Jarrett: Bahamas must generate at least 8K jobs annually
The Bahamas will have to create eight to ten thousand jobs each year for the next three years to return to pre-recession unemployment levels, argues retired banker Al Jarrett.
It’s necessary, he said, to reduce an unemployment rate nearing 19 percent, in his estimation.
“We lost over 20,000 jobs in the recession,”Jarrett claimed.”We have new entrants on the market and people are looking for a job and there is no work. That’s based on empirical and anecdotal information.
“When the last survey was done in October 2009, the Department of Statistics rendered that unemployment will be about 15 percent, with Grand Bahama around 18.2 percent and New Providence being about 14.6 percent. But if you take into consideration the discouraged workers of around 9,000, that would carry the number to about 18.2 percent of the population unemployed in The Bahamas.”

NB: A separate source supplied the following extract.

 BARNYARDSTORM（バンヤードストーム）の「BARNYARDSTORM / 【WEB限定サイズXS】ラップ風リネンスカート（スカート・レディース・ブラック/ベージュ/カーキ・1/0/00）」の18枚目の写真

He argues the number has only increased in the last year with the absence of any real opportunities opening up to absorb the unemployed. Labour Minister Dion Foulkes, however, has asserted that all indications are that unemployment in the country is on the decline, pointing to a decrease in the number of people registering for unemployment.

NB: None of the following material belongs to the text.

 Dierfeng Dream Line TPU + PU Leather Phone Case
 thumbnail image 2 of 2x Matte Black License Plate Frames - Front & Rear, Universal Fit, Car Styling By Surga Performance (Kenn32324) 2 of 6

However, no numbers have been provided to support his statement. In December, Prime Minister Hubert Ingraham explained that the main reason why no official unemployment numbers have been provided to the public in 2009 was because the Department of Statistics was just too taxed to take it on.

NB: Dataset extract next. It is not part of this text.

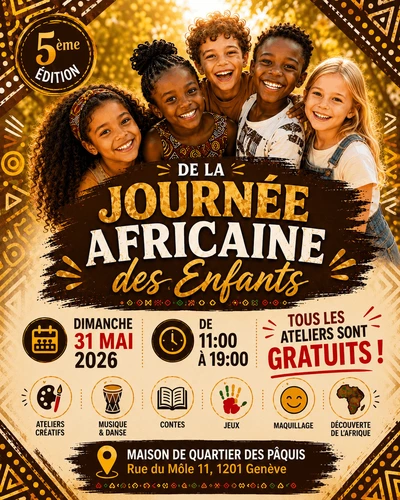 African Children’s Day des enfants joyeux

“We would like to be able to give you the unemployment statistics. We dont have(them). The Department of Statistics said it could not undertake a census this year and also do the unemployment labor survey,”he told
reporters recently.”The Ministry of Finance pressed them because we wanted it done[but]they said they could not do both jobs and they did the census, and so we do not have any statistical specific information to give you. We are giving you some indicators that we have.”
He continued,”Those indicators can be on a Friday you go by the banks and you see how many people cashing checks… see how many people are shopping… see how many new people are registering at National Insurance. There are a whole host of things… the real estate people in terms of their sales[and]construction. These are indicators.”
Those indicators aren’t accurate enough for Jarret, who argues new graduates from college and high school are not being calculated into the labor pool.
“I don’t know how they couldn’t find$100,000 to do a survey for something as important as that… talking about they had to do the census,”he said.